The shift played out in painful ways across America’s varied landscape of natural hazard. When flooding in Northeast Iowa in May 2004 devastated more than 200 homes and businesses, there was not enough money for postdisaster mitigation, even as large checks were being cut to fight shadowy enemies in unlikely places. Don Greene, an emergency manager in Alabama, received $250,000 for chemical warfare suits but was denied funds for an emergency operations center that would streamline communications during tornados. “I really don’t think Osama Bin Laden wants to attack Shelby County,” he said.

The sidelining of natural hazards was easiest to see where they were ostensibly the focus. Take, for example, the report by 35 experts from intelligence, industry, the military, and academia who convened on Sept. 16, 2003, to study, as they put it, “How Terrorists Might Exploit a Hurricane.” They concluded that although hurricanes represented imperfect terrorist instruments, lone actors or small splinter groups could use them to scrutinize security responses, target evacuation routes and shelters, wage cyberattacks, or as “a diversion or a way to capitalize on the concentration of Federal resources of the country while an attack is staged.” In the aftermath, they might foment “public panic” by disseminating alarming rumors. If Washington were struck, religious extremists might use it “as a signal to attack” or claim that it was “a sign of God condemning the United States.”

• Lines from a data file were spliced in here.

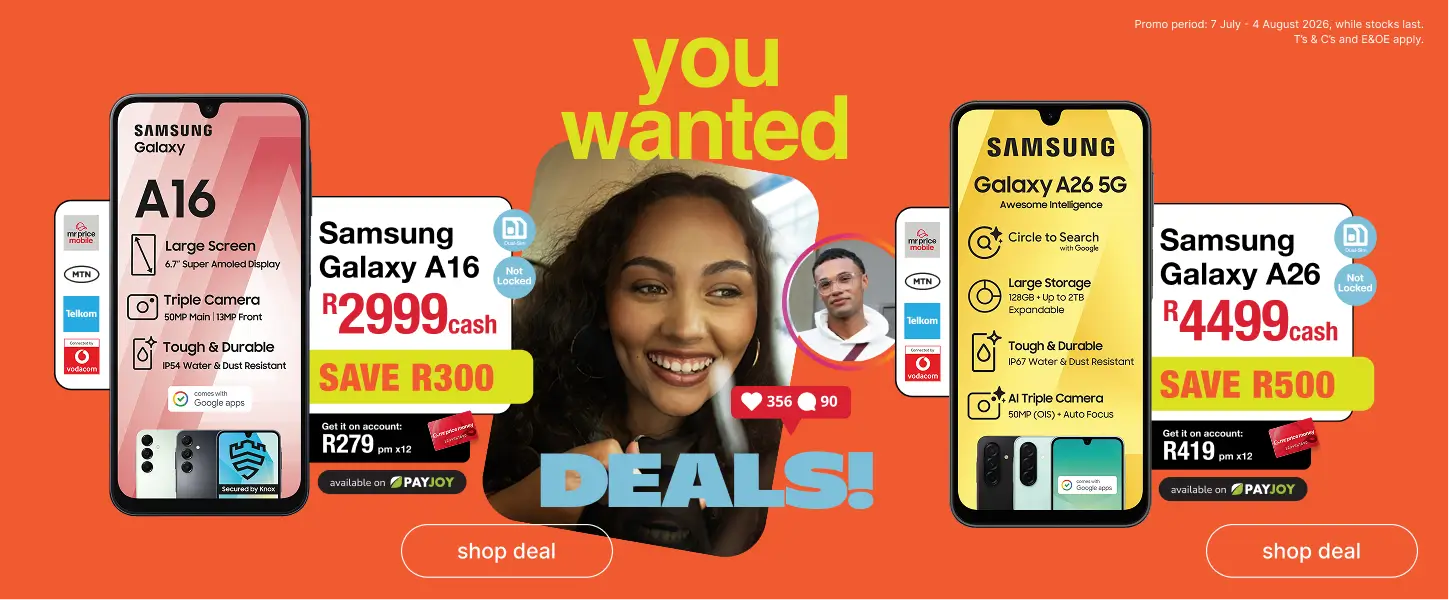 Mr Price Cellular Deals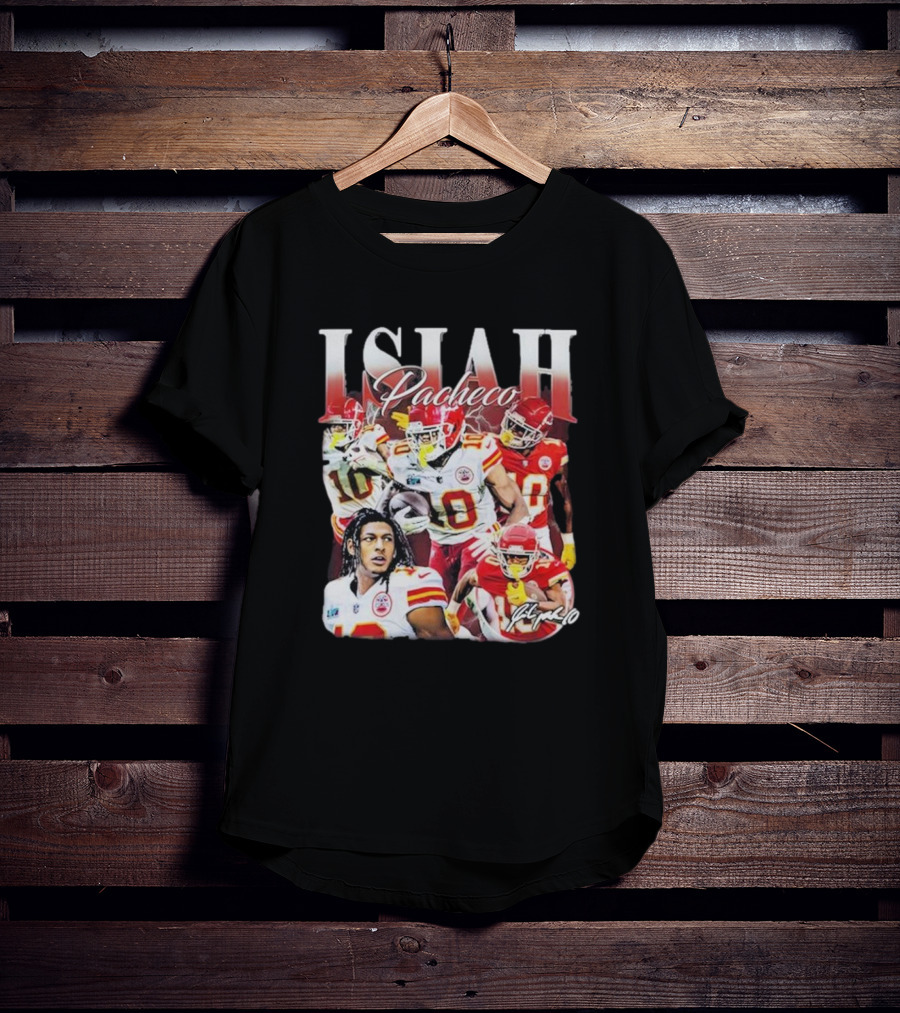 Isiah Pacheco Kansas City Chiefs Vintage Football Star T-Shirt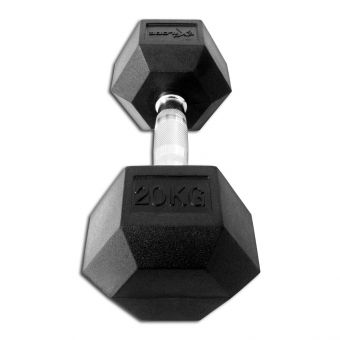 Гантель гексагональная обрезиненная Explode 20 кг PD-108-20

Emergency managers pushed back. Speaking before a House committee in April 2005, David Liebersbach, NEMA’s president, warned that “changing the focus of preparedness to weigh so heavily on terrorism could severely hamper the ability of state and local government capabilities to respond to a wide range of events with a higher likelihood of occurrence, such as natural disasters.” On July 27, 2005, he wrote Sens. Susan Collins and Joseph Lieberman, heads of the Senate subcommittee overseeing Homeland Security, that FEMA’s “long-standing mission of preparedness for all types of disasters” had been “forgotten.” Three weeks later—two weeks before Katrina—he and a NEMA delegation told DHS Secretary Michael Chertoff and his top deputies in Washington that “they were weakening emergency management with potentially disastrous consequences.”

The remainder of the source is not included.